How it all fits together, how the roster of seven very well-drawn and unusual young people in the play encounter each other and keep going, is definitely not plain sailing. Which is very much the point. This is not a play with an obvious political purpose. We meet a rare sample of fellow human beings drawn very true to life. McDowall is not telling us what to think. It is not about something happening, though the characters find the diversions they need. There are even scenes where one is uncertain that the right person is speaking the right lines: the playtext advises that at various points it is up to the director to decide who gets to say certain lines that are up for grabs.
Well-achieved direction
So one can be forgiven for not grasping who’s who.

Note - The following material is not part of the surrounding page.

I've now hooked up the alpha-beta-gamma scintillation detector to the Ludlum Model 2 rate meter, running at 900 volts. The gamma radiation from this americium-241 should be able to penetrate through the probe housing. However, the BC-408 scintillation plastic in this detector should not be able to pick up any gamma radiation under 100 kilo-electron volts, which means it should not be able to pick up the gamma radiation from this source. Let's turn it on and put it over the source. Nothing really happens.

Which girl was Keaton (Sarah Middleton) and which was Gale (Grace Thurgood)? Sean Rigby as a somewhat dim goon called Moe, and Sam Swann as a young not quite sure wannabe Charlie who makes money offering real-life ‘dungeons and dragons’ experience for cash are just as immaculately observed as the four females in the show. The way they all evoke an entire world of activities and power-plays with almost no props and perfectly ordinary everyday clothes is tribute to the extremely crafty and well-achieved direction of Ned Bennett (who already directed a different cast in the play’s first outing at the Welsh College in Cardiff). The most rounded of all the characters, Fay, a working girl with a strong sense of realism and very sympathetic toughness, was beautifully created by Rebecca Humphries.
In other words there is a provisional quality about the narrative being mystifyingly unfolded. It could go in various directions. Definitely not the well-made play designed to draw to conclusions the playwright wants us to think: nor is it set to be a lot of fun. It is cruel, full of frustration and unkindness. Like life. In fact what makes it such an authentic document is the way it resonates with the general disempowerment and helplessness (characteristic today) of everybody save the exceptionally rich, as Noam Chomsky was saying on Newsnight not long ago.

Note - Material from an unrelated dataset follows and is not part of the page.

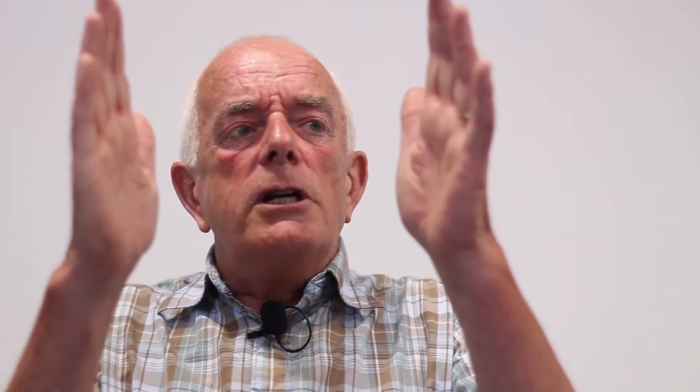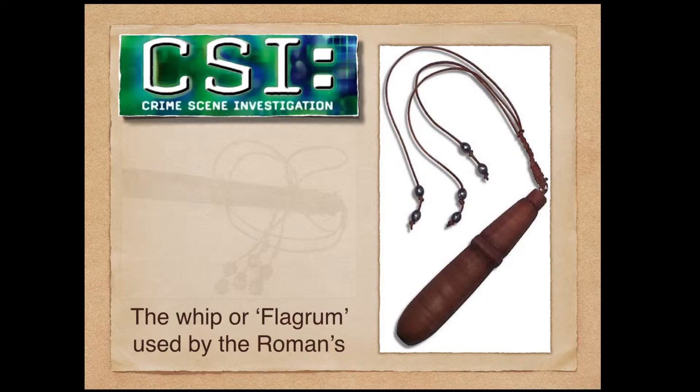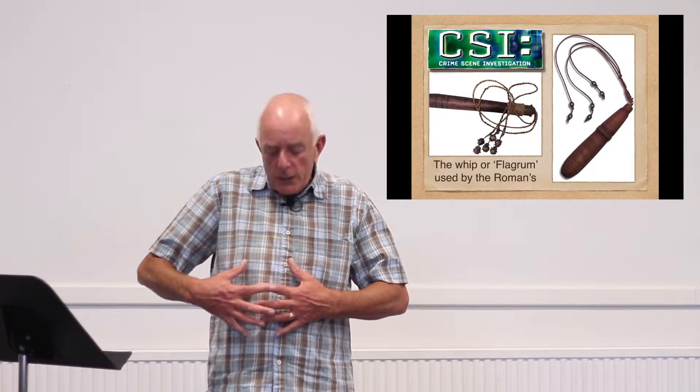Then they started the beating. The beating area was a piece of wood about this long with leather straps all around it. The leather straps that came off there are very similar to a cat of nine tails. The idea for the Roman guards to beat the person would be to bring it down across the person's back. The lumps of lead would come around to the front of the individual as they were there.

Lack of power the young of today feel acutely, the impossibility of escape from a world over which they have no control. The life McDowall evokes is full of diversion but empty of promise. Everybody has info at their finger-tips (not always reliable) and no ability to make a dent in the frustrating inequalities of wealth around us or the social immobility that blocks natural optimism – especially as one looks lower in the circles of the inadequately employed.
Physical vitality
The physical vitality of the performers in Ned Bennett’s staging stems from a solid course of physical workshops involving a lot of fast movement in a small, almost completely uncluttered and unaesthetic acting space. In the auditorium one sat around a square damp-looking lower-level sort of sink. Any sense of physical dimension and presence came from complex games-playing and scary discussion. The actors and actresses get mixed in, failing to do what they should or get what they want. It is most like child play, yet leads to fierce moral dilemma that in turn generates perhaps a shaft of dawning optimism. The girls and the lads have very different chemistry. It is not about sex, though prostitution and drugs come up. And snuff movies and a contract on Fay’s life. Bennett’s excellently moulded ensemble are totally absorbed and committed to making this unusual vernacular picture blatantly, ferociously alive.

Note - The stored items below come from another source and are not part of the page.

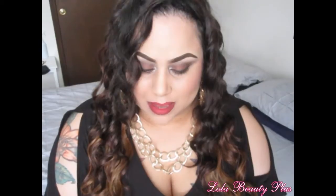Now this particular wig is in the brand Model Model, whichever way you say it. And it's an invisible part wig, which is very, very new to me. And the name is Johanna.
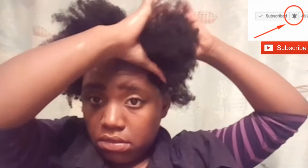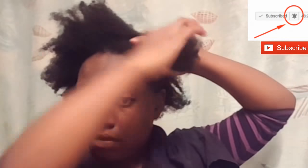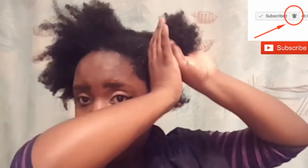Hey guys, I am back with another video. Today I'll be showing you how I like to do protective styles in the summer heat. I'm putting my hair in four sections. I've already washed and conditioned my hair and now I want to go ahead and get ready for a deep conditioning process.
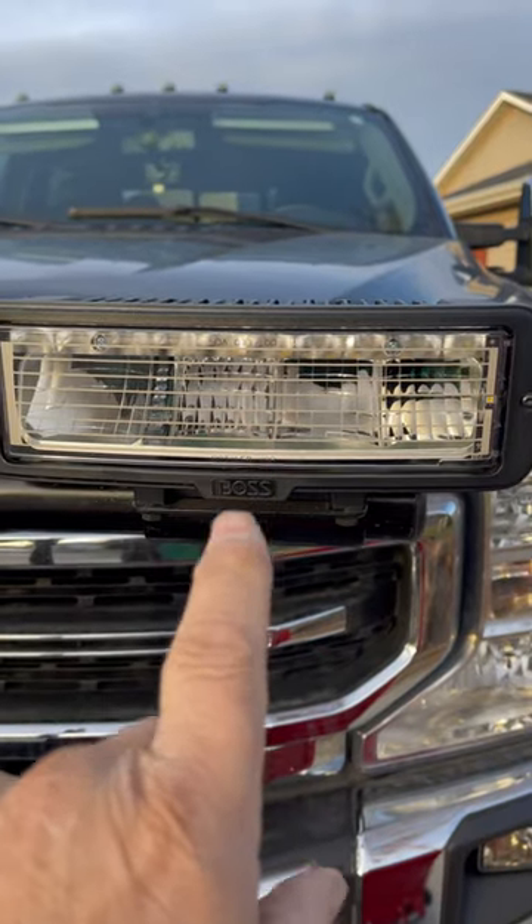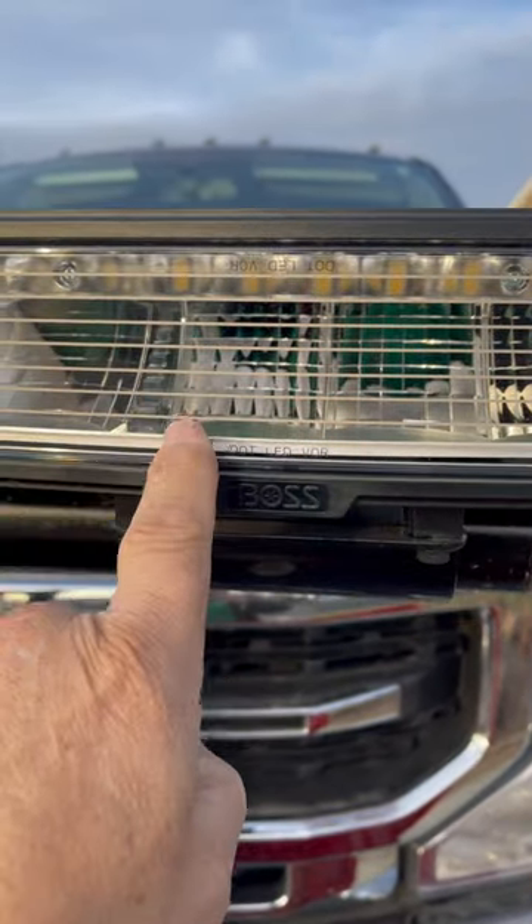Heated element LED lights. There's a little heating element in there right there.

This emphatically is not how the world seemed when I was young, even in romanticized crime films. One is very far from the history as middle-class experience that school used to be in the Fifties when the map was pink and the sun was not setting on the British Empire that had won the war and saved civilization. The rising generation now are unsure about any future, long or short. Just provisionally keeping busy seems the most to hope for.